Reindexing a field in Elasticsearch with curl and jq

So now that I’ve been converted over to functional programming thanks to Scala.  I’ve had the profound realization (profound to me, probably obvious to most) that Unix has been doing functional stuff with piping long before it was cool.

I’ve been working a lot with Elasticsearch over the past few years, and curl is a fantastic tool for interacting with Rest endpoints.  But the problem is most endpoint these days use JSON.  So in the past if I had to manipulate the JSON in anyway, I’d run to real programming language and use a client API.  It turns out there’s this great unix tool called jq that has virtually everything you need to manipulate JSON, and make it easy to pipe it forward to other endpoints or whatever you are doing.  It’s functional in nature and really concise.  It has map, reduce, and ton of other built in functions, a compact syntax for filtering JSON and selecting elements.  It’s easy to work with arrays and objects and transform them, just about as easy as it is Javascript, maybe even easier in some cases.

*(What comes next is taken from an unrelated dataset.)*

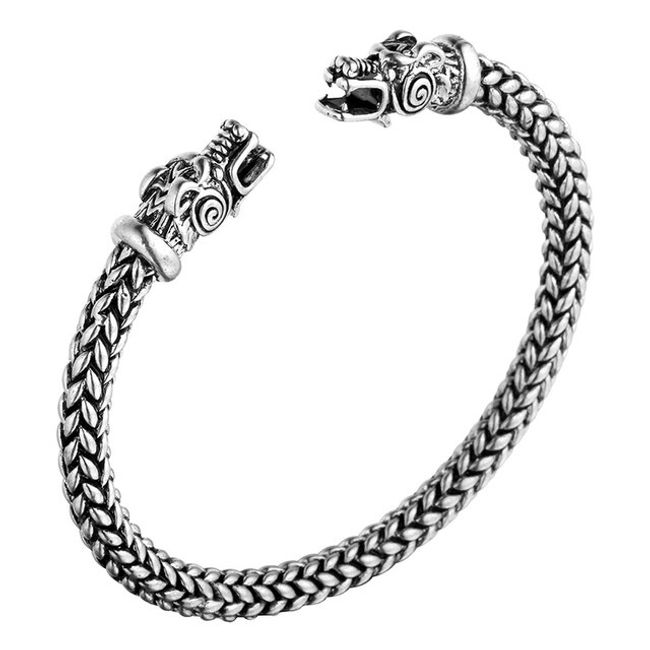 Twist Waist Men's Double Head Dragon Adjustable Bracelet Nordic Viking TT 88 2939937892, silver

The first thing I used it for was adding a timestamp to the JSON returned from one Rest call, so I could feed it into Elasticsearch:


curl -s http://localhost:9999/admin/offsets/fps_event/search-centralconfig_prod | \
jq –arg timestamp `date -u –iso-8601=seconds` '.timestamp = $timestamp' | \
curl -s -X PUT -H "Content-Type: application/json" -d @- http://localhost:9200/kafka-offset-log/offset/`date +"%s"`

view raw

gistfile1.txt

hosted with ❤ by GitHub

What’s going on here?

I wrote an endpoint that return back some information from Kafka, but I wanted this data in Elasticsearch so I can make some cool graphs in Kibana.  But there wasn’t a timestamp in my original design, and I really need that in Elasticsearch to do my time based reports.

You can see that you can feed it name/value pairs, via –arg, so I used the unix data cmd to format the date I needed.  Then it’s a matter of just ‘.timestamp = $timestamp’ to add a new field.  The dot essentially is a reference to the root of the JSON object. Did that just reinvent 1/2 of what logstash in one line ?  Don’t tell them they might get mad.

The next day feeling pretty good about jq’s coolness, I ran into another problem where I needed to reindex some data in certain documents in Elasticsearch.  Once you have gobs of data in Elasticsearch you need to be smart about updates and reindexing as things can take a long time.  In this case we needed to modify an existing field, and add a new multifield to it in order to improve some searches we were doing.  So first I used curl to close the index, adjust the settings on the index to add my new analyzer, then I reopen the index and add the new mapping.  That’s basic stuff, all easily done with curl or whatever client API you like.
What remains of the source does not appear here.